I felt that Templand was a good book, especially due to its relevant themes. Templand embodied the horror with which young people eye the job market today, as well as their persistant hope for a great job that will enable them to change the world. With unemployment still an issue around the globe, many young adults are anxious about their future, and this idea was clearly present in Templand.
The style of Templand contributed to making a serious topic more enjoyable to read about. Humorous temp jobs from Melanie's past are mixed in with her narration of the present, which provides comic relief and makes the book lighthearted rather than depressing. The crazy blood-bank manager and her endless professional failings balances out Melanie's awful stint in the asbestos-filled Annex.
Some characters were developed better than others, but on the whole they were likeable and relatable. Melanie's relationship with her grandparents, especially her grandfather, is described well and contributes to the reader's understanding not only of Melanie's past, but also of her work ethic and goals for herself.

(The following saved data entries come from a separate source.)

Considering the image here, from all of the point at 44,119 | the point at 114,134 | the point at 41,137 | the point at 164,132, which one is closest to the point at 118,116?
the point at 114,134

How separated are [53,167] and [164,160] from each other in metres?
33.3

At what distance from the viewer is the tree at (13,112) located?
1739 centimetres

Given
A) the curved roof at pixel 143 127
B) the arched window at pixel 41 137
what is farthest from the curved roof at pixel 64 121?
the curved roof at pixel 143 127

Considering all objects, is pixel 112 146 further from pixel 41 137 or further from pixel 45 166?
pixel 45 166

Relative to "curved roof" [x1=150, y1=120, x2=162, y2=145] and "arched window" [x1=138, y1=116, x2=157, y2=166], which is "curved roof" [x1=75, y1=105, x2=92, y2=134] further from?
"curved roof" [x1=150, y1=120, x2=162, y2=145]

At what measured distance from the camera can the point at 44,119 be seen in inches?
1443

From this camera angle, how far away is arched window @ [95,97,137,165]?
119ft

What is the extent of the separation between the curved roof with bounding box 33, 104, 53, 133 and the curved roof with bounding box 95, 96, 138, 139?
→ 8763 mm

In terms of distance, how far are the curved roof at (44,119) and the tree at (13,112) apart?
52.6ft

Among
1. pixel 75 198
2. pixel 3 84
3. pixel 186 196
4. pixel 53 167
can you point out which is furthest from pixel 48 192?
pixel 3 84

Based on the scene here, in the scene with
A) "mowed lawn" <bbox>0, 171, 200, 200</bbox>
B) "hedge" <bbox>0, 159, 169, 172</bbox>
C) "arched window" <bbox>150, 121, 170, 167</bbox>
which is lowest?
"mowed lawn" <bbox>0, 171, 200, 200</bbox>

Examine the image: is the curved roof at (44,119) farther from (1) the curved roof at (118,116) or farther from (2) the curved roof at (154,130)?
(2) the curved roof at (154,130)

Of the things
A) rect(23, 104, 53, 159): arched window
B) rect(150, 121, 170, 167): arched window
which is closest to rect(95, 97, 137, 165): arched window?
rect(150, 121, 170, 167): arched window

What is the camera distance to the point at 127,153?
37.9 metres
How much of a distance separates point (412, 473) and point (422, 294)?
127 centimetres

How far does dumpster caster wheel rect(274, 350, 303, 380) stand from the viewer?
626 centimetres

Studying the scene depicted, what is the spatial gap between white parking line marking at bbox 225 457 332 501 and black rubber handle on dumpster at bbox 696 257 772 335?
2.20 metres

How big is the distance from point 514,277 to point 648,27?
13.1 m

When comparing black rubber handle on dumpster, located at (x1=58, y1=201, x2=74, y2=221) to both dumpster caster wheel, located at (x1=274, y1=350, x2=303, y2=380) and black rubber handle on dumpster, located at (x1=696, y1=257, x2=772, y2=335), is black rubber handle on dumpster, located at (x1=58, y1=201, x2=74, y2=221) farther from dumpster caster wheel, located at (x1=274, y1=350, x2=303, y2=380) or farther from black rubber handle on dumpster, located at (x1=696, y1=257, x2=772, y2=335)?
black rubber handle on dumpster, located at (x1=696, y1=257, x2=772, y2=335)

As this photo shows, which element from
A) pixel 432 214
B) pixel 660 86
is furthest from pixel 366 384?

One thing I didn't like about Templand was the lack of dialogue. Most descriptions were narrated through Melanie's eyes, in a journal-type format. However, dialogue was used in these journal entries. I would have liked to see more of that, to break up some of Melanie's thoughts.
Overall, Templand was a good book that I would recommend to teens and young adults who enjoy chick-lit. It is a great book option for a day at the beach or lazy weekend.